Another approach is oral mitochondrial uncouplers, such as the molecules being developed by OrsoBio, Energesis and also Rivus. These approaches are based on the unusual observation that workers exposed to a chemical called 2,4-dinitrophenol (DNP), which was being used in French munitions factories, lost weight, felt fatigued, sweated excessively and exhibited elevated body temperature (hyperthermia). Sadly, many deaths occurred before safety measures were introduced. The mechanism of action was later discovered to be chemically-mediated mitochondrial uncoupling – put very simply, chemicals knock holes in the mitochondrial membrane and force the mitochondria to work really hard to reverse the dissipation of membrane potential, which generates heat and reduces weight.
DNP was later studied at Stanford in the 1930s, where scientists warned of the dangers of DNP alongside reports of its effectiveness in weight loss. Over 100,000 people took DNP in the 1930s through drug stores without a prescription and many deaths occurred, resulting in the designation of DNP as extremely dangerous and not fit for human consumption in 1938.
Rivus Pharma is developing a DNP pro-drug called HU6, which is claimed to have an improved safety profile. However, flushing in individuals treated by HU6 was flagged in The Lancet last year as a possible harbinger of a safety concern, while palpitations were also reported in its clinical trial results. Eolo Pharma has an alternative approach to thermogenesis, which is also being explored in the clinic.
As you can see, there are a variety of other approaches. However, MitoRx is unique in developing a small molecule approach that addresses a known impairment in metabolism: restoring sulfide-signaling.
MitoRx Therapeutics is pursuing a metabolism-modifying approach rather than appetite suppression. Can you explain how this works?
The fundamental difference we are taking is that where GLP-1 drugs slow down the gut and suppress appetite, our lead therapy, Myo4, works directly on metabolism.
There is a known metabolic defect in cardiometabolic disease – this was highlighted most recently by Lefer et al., who showed that an impairment in the sulfurome is a hallmark feature of cardiometabolic disease. Sulfide signaling is impaired in obesity, diabetes and heart failure with preserved ejection fraction (HFpEF).

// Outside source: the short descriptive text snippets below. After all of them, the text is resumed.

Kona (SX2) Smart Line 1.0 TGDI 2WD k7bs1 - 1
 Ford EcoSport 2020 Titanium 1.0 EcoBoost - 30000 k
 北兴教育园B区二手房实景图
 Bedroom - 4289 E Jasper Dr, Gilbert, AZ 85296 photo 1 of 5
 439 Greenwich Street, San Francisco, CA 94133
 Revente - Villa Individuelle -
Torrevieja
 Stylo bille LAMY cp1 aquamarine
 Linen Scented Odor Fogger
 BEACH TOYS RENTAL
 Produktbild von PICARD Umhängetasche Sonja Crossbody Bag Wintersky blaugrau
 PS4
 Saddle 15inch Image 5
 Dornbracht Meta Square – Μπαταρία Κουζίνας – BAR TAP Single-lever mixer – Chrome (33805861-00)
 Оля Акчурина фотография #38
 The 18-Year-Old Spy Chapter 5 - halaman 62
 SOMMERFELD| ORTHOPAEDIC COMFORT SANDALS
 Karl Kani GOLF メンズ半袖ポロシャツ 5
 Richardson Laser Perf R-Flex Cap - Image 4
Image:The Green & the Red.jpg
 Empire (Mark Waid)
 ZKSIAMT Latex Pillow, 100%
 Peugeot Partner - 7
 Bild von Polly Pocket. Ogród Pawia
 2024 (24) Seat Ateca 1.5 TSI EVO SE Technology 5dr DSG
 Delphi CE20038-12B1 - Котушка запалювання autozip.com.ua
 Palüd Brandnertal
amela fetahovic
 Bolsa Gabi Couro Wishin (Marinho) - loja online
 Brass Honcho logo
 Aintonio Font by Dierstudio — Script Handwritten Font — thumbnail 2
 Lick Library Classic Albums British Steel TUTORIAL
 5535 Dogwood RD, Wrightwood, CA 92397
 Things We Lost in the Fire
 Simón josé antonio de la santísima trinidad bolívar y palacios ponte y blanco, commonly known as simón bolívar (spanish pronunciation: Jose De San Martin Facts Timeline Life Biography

Myo4 directly addresses that by restoring cysteine post-translational modification for a small number of key proteins that regulate metabolism. As a result, we are developing root-cause treatments, rather than modifying food intake. This has the huge advantage that, in patients whose behavior around food might not be modifiable with the health and wellness resources available to them, Myo4 is expected to still help them lose fat mass, regardless of whether they exercise or reduce calorie intake.